Exercise description =>
Word for word, copy all the data and drop the pictures.

Supplied data =>

········

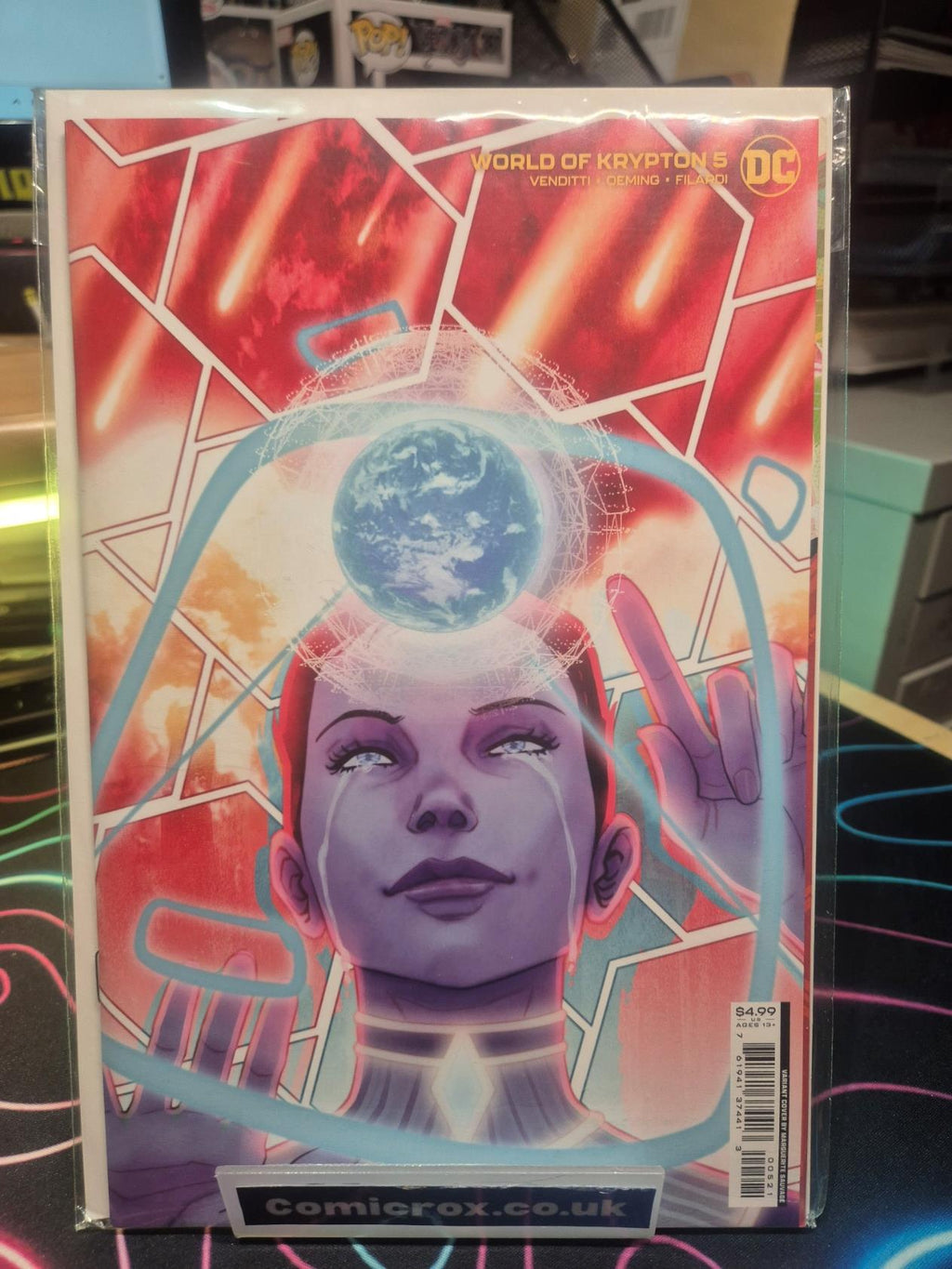 World of Krypton, #5 Marguerite Sauvage Card Stock Cover, New/NM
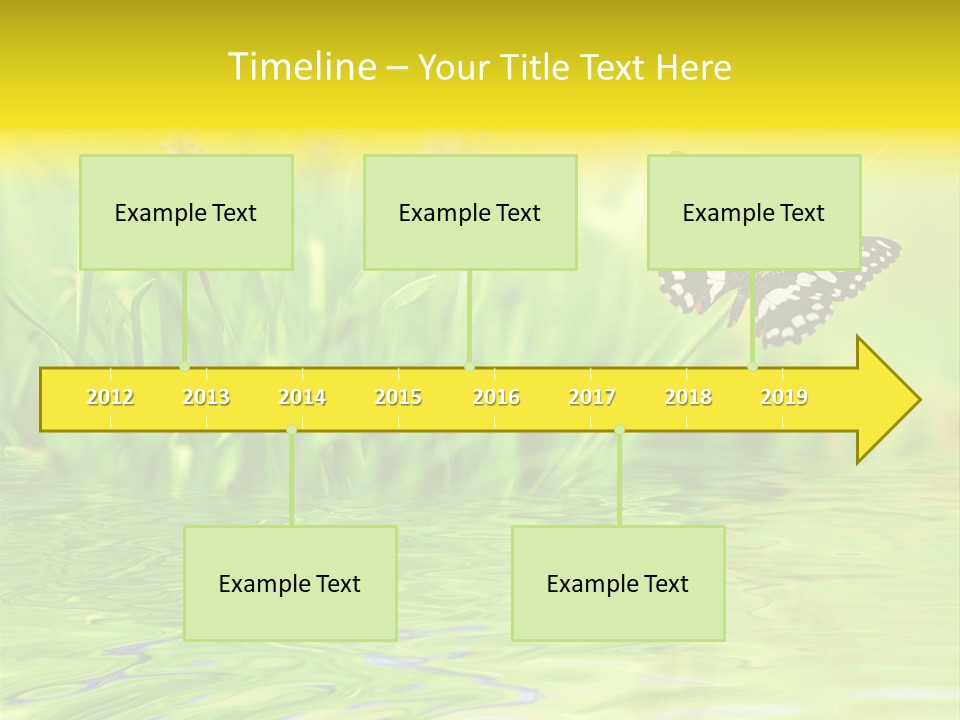 Field Leaf Beauty PowerPoint Template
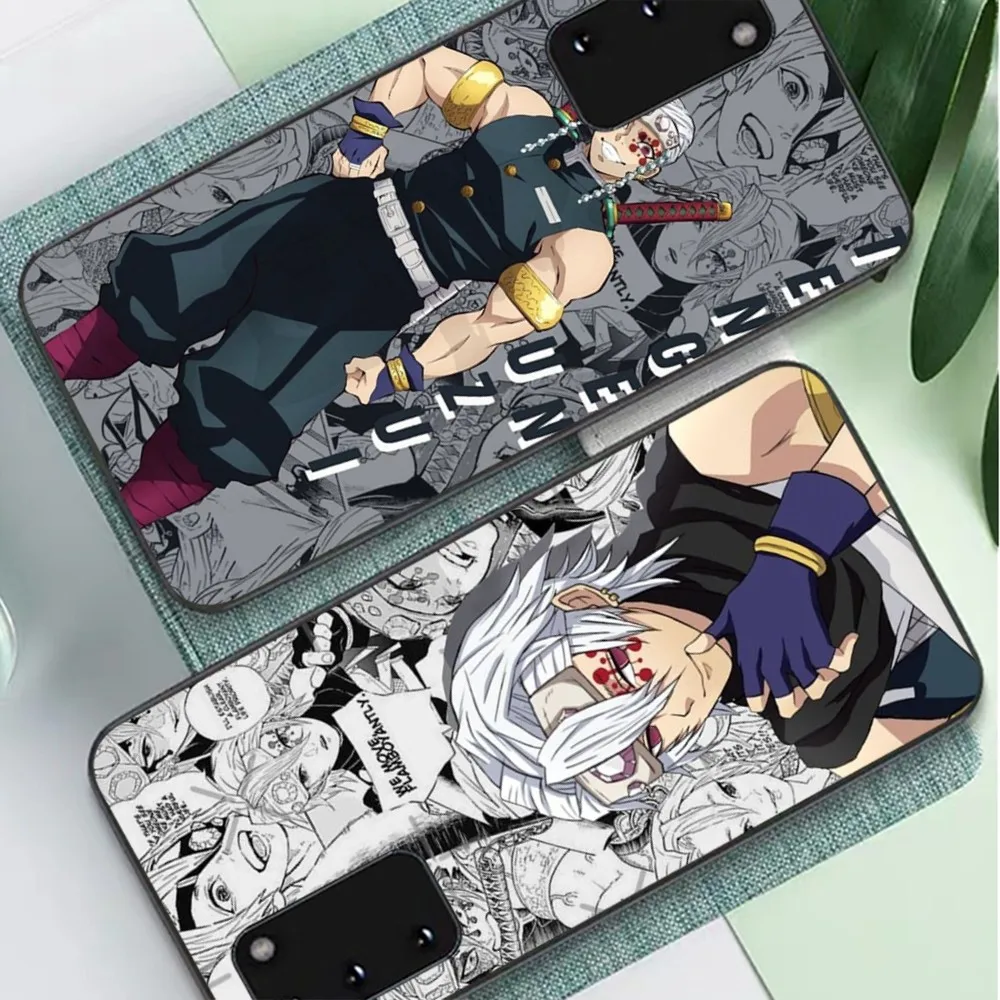 

Demon Slayer Uzui Tengen Phone Case For Samsung S 9 10 20 21 22 23 30 23 24 Plus Lite Ultra FE S10lite Fundas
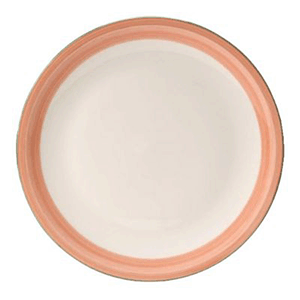 Блюдо для пиццы «Рио Пинк»; материал: фарфор; диаметр=31 см.; белый, розовый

········

Reply =>
 World of Krypton, #5 Marguerite Sauvage Card Stock Cover, New/NM
 Field Leaf Beauty PowerPoint Template

Demon Slayer Uzui Tengen Phone Case For Samsung S 9 10 20 21 22 23 30 23 24 Plus Lite Ultra FE S10lite Fundas
 Блюдо для пиццы «Рио Пинк»; материал: фарфор; диаметр=31 см.; белый, розовый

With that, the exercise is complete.